The President of Mexico has cancelled his trip to Washington DC. As Trump has said, he has to take a hard line against the wall for internal political reasons. Why does this have to engender bad feelings between our countries? Why can't we build the wall cooperatively? You know the old saying: "Good fences make good neighbors."


----------



## Sasquatch (Dec 12, 2014)

All the naysayers are making those excuses not because it can't be done but because they don't want it done. Screw 'em! We are finally taking our country back and putting Americans first (no matter what color they are).

Building the wall is our new going to the moon. We WILL get it done.

Sent from a Galaxy S5 far far away.


----------



## RedLion (Sep 23, 2015)

McConnell and the Senate are earmarking $12-15 billion for wall construction to get it off the ground. Excuses for not building the wall and securing the border in other ways as well, are all BS. The wall and border security will save the U.S. many more billions per year over the cost when it comes to limiting illegal crime, getting illegals off of welfare rolls, healthcare, etc....Greater security is also a no brainer as well.


----------



## TG (Jul 28, 2014)

Question.

US is sending almost $400 million per year to Mexico in foreign aid, their president just got mad at Trump and cancelled visit because of the wall plans. Will US still send foreign aid?

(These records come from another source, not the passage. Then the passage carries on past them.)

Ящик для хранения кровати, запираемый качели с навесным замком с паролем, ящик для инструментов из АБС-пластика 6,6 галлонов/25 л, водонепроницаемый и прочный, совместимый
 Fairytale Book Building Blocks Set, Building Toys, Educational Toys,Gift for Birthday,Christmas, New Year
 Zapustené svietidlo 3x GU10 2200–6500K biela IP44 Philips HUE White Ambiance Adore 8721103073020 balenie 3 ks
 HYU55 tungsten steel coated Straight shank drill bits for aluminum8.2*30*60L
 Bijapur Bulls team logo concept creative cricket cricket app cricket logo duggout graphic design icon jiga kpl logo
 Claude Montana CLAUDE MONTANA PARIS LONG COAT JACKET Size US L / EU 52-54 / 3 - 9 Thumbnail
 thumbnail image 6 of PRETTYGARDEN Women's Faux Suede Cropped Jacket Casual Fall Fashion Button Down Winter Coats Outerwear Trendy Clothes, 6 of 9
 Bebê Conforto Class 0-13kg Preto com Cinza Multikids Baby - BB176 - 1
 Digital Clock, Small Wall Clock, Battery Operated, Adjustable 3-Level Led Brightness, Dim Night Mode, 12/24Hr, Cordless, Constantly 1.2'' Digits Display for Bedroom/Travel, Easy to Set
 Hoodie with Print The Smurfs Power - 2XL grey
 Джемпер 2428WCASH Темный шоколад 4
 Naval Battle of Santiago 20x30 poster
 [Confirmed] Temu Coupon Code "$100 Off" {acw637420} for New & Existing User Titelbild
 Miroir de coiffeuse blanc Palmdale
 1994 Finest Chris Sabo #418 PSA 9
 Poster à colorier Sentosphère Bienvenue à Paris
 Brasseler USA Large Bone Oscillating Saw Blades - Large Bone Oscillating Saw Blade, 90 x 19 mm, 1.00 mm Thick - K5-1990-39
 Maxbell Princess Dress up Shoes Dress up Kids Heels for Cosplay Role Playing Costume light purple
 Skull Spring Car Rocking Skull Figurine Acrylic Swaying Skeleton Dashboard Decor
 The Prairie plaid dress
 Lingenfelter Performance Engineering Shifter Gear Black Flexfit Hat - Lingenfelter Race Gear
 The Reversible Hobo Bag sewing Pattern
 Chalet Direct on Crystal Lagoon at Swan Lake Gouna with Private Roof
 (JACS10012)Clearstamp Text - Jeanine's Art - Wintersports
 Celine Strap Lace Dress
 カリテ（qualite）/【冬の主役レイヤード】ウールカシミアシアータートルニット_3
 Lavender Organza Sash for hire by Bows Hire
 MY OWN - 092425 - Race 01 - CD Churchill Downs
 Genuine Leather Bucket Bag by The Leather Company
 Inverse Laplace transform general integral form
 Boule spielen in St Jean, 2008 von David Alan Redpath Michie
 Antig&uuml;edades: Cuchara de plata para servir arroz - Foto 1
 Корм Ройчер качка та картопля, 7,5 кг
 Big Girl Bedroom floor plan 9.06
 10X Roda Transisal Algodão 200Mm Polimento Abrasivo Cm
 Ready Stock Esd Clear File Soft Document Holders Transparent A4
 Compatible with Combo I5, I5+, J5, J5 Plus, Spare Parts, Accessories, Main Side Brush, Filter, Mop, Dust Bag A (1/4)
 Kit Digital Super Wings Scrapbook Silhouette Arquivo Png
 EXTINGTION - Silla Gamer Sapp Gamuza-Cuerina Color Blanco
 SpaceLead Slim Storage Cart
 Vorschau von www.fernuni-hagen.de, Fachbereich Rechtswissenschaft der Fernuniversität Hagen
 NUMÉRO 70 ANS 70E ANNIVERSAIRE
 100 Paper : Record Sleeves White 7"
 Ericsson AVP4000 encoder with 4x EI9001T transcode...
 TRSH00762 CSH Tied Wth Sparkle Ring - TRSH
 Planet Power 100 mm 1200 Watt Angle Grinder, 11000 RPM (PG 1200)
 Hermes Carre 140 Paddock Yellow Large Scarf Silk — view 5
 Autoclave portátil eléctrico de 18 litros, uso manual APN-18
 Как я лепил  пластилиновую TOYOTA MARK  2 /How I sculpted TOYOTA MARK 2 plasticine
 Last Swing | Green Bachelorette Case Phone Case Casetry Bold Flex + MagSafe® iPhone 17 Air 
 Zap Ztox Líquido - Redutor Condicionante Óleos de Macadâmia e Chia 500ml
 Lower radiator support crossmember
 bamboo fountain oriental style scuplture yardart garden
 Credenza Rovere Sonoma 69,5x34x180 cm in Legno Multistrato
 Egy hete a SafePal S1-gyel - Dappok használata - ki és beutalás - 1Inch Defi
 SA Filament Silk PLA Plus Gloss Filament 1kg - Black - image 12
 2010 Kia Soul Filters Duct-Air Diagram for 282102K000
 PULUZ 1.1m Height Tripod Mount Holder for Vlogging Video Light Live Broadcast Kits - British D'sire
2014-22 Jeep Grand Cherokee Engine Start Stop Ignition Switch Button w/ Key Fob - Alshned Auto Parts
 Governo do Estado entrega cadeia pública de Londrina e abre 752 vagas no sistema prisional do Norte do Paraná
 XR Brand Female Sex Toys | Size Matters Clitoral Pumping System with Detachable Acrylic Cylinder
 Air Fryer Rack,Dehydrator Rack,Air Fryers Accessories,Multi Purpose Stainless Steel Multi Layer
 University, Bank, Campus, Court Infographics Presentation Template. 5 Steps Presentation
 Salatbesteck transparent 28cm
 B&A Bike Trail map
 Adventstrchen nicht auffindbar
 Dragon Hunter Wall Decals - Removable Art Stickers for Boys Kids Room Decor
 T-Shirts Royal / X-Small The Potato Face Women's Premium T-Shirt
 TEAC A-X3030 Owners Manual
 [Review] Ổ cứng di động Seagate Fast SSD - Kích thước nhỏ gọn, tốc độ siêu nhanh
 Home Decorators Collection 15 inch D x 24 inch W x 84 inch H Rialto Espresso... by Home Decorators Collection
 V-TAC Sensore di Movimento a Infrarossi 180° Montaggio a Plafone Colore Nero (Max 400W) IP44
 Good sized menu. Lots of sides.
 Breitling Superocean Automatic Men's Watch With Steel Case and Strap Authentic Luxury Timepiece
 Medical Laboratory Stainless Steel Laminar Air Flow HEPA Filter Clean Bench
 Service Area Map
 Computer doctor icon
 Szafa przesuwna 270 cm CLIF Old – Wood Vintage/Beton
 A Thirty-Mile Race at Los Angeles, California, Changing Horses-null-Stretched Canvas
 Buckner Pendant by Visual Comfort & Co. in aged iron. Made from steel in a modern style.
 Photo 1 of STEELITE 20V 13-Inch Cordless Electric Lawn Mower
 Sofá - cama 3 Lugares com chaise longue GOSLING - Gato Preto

How does this work?


----------



## sideKahr (Oct 15, 2014)

@TG Funding is a function of Congress. The President can request, but not compel, foreign aid or its discontinuance.


----------



## Sasquatch (Dec 12, 2014)

TG said:


> Question.
> 
> US is sending almost $400 million per year to Mexico in foreign aid, their president just got mad at Trump and cancelled visit because of the wall plans. Will US still send foreign aid? How does this work?


If Congress wants to keep their job they will.

Sent from a Galaxy S5 far far away.


----------



## TG (Jul 28, 2014)

Sasquatch said:


> If Congress wants to keep their job they will.


They will what? Keep sending foreign aid?


----------



## dwight55 (Nov 9, 2012)

TG said:


> They will what? Keep sending foreign aid?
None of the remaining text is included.